Status meeting, March 23rd, 2012

Summary of Discussion with John A.

See notes at: Phone meeting with John Apostolakis 3/22/2012

Result from performance evaluation of CUDA code (Soon)

Compare the GPU and CPU of fields extrapolation and one step RK on various layout of block/grid.

Also compare with 100 times more/repeated work. Factor 10 improvements with 1 times. Factor 160 improvement with 100 times.

Jim: What was the bandwidth obtained.

Moving up takes longer than moving down (from the GPU). Testing on 1000 or 10,000 tracks (6 or 7 floats).
down was the same.

If doing 'just' the RK ... the speed improvement goes down.

Marc: question about memory bandwidth (.6 ms of 10000*6*sizeof(double) -> 1.2Gb and up 2Gb for 100,000 tracks)

Also tried zero copy technique: poor performance. Page lock memory also does not help (worst performance).

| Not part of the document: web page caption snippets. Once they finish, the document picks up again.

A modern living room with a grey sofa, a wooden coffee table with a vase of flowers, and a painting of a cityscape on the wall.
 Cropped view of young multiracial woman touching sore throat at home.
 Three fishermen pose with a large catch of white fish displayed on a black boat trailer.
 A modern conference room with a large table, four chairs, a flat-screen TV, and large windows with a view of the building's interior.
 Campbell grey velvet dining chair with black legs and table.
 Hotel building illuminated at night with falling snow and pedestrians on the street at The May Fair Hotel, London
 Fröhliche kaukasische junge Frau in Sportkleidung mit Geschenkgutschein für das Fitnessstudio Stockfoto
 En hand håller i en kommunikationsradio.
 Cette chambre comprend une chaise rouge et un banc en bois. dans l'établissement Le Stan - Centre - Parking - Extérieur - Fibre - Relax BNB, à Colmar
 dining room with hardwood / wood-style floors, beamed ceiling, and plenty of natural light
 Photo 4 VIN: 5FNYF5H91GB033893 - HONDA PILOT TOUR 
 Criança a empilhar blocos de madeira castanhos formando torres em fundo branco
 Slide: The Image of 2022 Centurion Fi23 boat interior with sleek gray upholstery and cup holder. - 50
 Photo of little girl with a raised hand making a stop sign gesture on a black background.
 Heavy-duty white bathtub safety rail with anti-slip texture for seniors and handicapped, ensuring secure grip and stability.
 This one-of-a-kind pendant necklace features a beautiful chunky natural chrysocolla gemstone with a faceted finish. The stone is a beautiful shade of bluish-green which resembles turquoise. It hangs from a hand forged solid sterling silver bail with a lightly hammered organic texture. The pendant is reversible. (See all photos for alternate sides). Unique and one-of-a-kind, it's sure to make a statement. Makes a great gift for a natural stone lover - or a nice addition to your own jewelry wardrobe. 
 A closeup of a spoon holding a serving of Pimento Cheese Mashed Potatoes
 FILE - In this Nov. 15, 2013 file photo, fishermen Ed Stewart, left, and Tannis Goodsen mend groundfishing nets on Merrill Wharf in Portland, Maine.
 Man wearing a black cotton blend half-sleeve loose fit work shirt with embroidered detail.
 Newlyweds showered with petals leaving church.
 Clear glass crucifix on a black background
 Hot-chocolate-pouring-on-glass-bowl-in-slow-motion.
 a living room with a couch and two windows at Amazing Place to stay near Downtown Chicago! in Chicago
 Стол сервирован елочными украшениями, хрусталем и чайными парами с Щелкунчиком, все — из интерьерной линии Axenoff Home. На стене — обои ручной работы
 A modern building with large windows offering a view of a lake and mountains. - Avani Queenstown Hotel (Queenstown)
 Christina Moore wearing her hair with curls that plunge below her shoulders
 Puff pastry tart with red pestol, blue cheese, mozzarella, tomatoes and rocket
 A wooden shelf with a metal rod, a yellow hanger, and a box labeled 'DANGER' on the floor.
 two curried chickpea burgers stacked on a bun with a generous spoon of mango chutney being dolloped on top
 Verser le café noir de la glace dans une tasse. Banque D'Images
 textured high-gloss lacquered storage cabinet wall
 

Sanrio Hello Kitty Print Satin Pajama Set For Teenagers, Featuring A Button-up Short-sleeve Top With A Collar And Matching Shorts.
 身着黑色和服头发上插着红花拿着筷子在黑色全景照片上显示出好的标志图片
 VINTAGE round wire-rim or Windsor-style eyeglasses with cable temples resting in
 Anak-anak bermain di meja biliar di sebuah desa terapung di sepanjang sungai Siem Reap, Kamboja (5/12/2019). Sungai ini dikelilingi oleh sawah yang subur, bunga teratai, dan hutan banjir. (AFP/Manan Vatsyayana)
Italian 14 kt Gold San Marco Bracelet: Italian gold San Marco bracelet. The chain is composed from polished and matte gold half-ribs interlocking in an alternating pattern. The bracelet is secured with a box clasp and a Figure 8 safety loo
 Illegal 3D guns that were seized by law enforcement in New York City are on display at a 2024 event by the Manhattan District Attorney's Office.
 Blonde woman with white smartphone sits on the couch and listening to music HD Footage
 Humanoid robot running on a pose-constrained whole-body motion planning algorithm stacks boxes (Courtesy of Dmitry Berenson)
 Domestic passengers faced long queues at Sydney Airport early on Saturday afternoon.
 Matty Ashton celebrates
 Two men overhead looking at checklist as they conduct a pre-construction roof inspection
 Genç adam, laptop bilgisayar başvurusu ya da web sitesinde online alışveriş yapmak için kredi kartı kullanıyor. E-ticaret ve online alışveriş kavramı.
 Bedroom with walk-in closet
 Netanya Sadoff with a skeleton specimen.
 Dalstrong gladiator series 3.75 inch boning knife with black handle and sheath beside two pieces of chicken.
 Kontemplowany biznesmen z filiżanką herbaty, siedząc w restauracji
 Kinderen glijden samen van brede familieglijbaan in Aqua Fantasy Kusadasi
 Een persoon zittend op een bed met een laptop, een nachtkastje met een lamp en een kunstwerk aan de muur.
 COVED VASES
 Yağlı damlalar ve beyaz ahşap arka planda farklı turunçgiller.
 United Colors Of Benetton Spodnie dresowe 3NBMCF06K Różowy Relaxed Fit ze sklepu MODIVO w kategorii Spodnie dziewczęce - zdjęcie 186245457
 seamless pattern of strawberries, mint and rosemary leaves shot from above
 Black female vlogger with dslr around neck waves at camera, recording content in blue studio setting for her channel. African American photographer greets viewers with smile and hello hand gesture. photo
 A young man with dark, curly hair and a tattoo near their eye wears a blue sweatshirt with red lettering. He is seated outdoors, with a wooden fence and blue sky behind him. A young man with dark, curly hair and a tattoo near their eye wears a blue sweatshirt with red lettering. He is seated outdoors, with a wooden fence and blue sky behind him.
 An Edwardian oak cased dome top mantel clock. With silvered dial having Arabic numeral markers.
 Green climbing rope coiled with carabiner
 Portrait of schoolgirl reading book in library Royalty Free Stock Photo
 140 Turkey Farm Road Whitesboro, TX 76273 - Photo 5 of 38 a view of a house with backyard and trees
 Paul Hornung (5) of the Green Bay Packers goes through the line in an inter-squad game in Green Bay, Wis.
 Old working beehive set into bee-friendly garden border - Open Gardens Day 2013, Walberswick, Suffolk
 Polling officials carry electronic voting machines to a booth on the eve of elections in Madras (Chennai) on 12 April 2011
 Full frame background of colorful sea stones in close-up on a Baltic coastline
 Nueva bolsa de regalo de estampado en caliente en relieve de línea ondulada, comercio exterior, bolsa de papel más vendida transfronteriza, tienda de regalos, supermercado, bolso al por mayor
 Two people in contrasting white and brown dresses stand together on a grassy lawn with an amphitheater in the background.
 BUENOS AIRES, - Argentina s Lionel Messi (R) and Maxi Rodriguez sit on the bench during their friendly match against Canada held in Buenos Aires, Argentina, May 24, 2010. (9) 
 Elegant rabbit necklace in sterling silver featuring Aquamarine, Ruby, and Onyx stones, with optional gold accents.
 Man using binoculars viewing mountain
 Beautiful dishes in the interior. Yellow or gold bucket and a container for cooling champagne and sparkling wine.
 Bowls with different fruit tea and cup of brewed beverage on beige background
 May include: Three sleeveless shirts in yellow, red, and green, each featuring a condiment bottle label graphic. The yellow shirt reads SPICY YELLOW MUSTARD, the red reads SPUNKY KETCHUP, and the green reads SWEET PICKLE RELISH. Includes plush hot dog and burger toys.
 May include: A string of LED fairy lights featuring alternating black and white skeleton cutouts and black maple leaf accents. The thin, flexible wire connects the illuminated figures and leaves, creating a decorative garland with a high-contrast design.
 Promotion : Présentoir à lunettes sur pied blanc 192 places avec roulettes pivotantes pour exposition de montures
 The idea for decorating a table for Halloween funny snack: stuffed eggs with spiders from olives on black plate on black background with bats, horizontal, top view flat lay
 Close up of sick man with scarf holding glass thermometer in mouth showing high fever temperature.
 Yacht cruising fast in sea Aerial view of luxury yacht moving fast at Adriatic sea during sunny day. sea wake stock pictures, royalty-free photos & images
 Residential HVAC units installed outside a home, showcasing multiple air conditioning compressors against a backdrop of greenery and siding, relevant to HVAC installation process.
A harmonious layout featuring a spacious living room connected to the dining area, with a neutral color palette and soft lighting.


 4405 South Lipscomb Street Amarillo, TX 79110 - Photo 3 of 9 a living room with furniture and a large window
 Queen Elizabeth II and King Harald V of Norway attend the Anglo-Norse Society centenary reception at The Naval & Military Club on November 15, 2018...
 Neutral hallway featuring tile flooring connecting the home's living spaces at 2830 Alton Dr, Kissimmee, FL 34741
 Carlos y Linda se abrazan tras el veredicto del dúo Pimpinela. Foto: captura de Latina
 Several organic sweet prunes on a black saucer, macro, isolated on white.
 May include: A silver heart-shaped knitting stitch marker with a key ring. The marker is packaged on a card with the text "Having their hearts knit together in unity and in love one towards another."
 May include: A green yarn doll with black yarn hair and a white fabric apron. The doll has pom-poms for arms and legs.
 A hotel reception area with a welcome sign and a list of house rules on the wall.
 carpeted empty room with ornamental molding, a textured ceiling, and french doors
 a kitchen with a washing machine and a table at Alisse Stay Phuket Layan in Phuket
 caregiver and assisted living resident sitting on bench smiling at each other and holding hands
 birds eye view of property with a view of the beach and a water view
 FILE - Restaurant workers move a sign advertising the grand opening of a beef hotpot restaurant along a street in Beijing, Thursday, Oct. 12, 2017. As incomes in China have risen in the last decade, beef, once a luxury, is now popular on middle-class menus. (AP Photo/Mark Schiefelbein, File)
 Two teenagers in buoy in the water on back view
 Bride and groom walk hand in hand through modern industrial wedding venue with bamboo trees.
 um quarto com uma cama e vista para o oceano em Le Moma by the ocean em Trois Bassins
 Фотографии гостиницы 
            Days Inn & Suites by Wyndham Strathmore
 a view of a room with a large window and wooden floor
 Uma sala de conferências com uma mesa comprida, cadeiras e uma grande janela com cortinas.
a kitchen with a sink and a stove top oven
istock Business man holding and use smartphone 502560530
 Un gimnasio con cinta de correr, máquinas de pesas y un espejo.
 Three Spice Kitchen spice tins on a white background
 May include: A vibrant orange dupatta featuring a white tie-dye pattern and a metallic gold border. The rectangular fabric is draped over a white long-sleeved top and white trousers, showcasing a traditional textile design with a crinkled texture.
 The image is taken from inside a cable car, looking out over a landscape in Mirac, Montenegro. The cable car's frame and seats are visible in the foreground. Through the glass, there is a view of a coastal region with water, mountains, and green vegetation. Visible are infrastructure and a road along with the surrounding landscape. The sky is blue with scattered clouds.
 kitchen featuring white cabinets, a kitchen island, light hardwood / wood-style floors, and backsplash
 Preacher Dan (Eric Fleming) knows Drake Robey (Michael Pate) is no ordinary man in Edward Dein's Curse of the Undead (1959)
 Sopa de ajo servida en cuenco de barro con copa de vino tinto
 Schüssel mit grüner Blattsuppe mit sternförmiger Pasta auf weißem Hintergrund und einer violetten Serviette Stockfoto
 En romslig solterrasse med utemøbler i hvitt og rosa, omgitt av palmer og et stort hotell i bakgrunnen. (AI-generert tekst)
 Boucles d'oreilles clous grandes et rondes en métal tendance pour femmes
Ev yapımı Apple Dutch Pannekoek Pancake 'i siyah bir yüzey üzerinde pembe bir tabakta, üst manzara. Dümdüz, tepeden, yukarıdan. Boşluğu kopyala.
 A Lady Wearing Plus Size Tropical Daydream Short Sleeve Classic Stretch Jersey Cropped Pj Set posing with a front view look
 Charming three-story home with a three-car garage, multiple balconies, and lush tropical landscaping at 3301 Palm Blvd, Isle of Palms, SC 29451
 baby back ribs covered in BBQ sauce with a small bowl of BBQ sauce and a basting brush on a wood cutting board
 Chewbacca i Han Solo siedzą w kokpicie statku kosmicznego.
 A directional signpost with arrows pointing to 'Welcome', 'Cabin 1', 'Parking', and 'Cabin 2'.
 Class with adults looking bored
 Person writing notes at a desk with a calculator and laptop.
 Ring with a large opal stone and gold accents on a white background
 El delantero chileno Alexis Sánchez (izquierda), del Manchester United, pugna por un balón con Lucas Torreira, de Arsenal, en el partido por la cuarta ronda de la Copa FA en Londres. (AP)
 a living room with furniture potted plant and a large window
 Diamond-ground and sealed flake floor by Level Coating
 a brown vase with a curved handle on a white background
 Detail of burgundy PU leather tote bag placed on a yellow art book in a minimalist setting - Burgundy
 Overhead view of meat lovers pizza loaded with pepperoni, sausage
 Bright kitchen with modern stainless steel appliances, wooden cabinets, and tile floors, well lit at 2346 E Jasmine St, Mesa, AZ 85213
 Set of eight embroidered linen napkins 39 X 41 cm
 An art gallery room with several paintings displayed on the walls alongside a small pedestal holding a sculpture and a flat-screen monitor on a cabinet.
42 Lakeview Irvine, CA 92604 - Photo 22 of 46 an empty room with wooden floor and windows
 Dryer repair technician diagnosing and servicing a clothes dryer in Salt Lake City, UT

Update on use of texture memory for magnetic field interpolation (Philippe)

... results ...

Need a bit more understanding why the 'single thread' GPU is 3 times slower than expected.
Calculate the number of GPU cores actually.

Action Items for Philippe:
Run 2 kernels in parallel ... expand to more of Rudge Kunta.
Marc would like a sample 1000 lookups.
Check inclusive of the memory copies.